Hal yang tak pernah aku bayangkan terjadi juga. Burung raksasa yang membawamu menuju tugas mulia hilang entah kemana, kau ikut hilang bersamanya.Hilang ditelan luasnya langit di atas sana, meninggalkan ku bersama angan dan mimpi indahku.Mana janji mu Agastia? Kau bilang akan segera pulang dan melingkarkan cincin perkawinan di jari manisku. Tapi, sampai sekarang kau masih saja belum kembali bahkan tak ada yang tau kau dimana.Mungkin aku harus bersabar menunggumu, sama seperti dulu. Walaupun kini teknologi tak dapat lagi membantu, jarak antara kita pun semakin jauh bahkan sangat jauh,tapi hatiku tetap terikat pada hatimu. Aku tak peduli betapa jauh jarak antara kita sekarang,aku tetap bertahan dalam hubungan ini, karna setiap kali aku menatap langit aku bisa merasakan kau ada di samping ku.

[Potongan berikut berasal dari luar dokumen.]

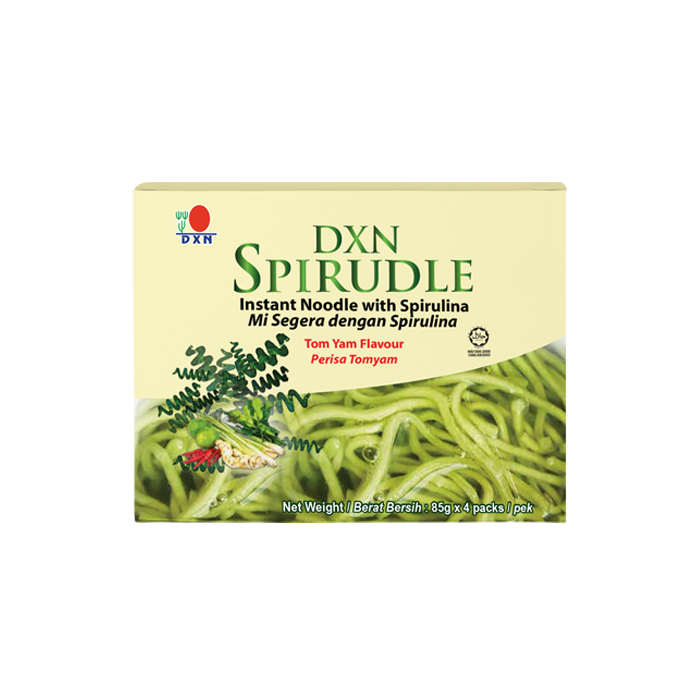 DXN Spirudle (Tom Yam ízesítésű)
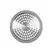 Bathtub drain protector strainer, stainless steel, 6.9 cm - OXO
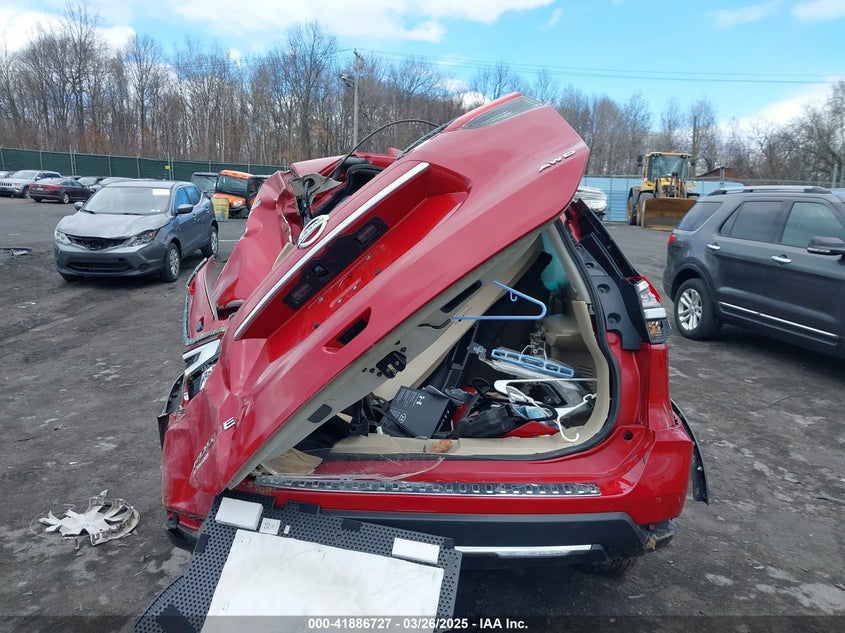 2017 NISSAN ROGUE S - JN8AT2MV2HW273354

Kini aku sudah tak dapat membendung air mataku, tangisku pecah mengingatmu. Pipiku mulai basah, pasir putih ini terasa tak lembut lagi, langit pun ikut berduka melihatku dengan kesendirianku.Warna jingga yang indah tadi kini berubah gelap dan hanya bertabur beberapa bintang.Aku benar-benar tenggelam dalam kekosongan. Malam telah menyapa, kini sudah saatnya aku kembali pulang, meninggalkan pantai indah berjuta kenangan ini.Mungkin kini kau telah ada diantara bintang-bintang itu, dan aku yakin kau tak akan meninggalkanku sendirian.Walau kini aku rasa jarak antara kita terlalu jauh.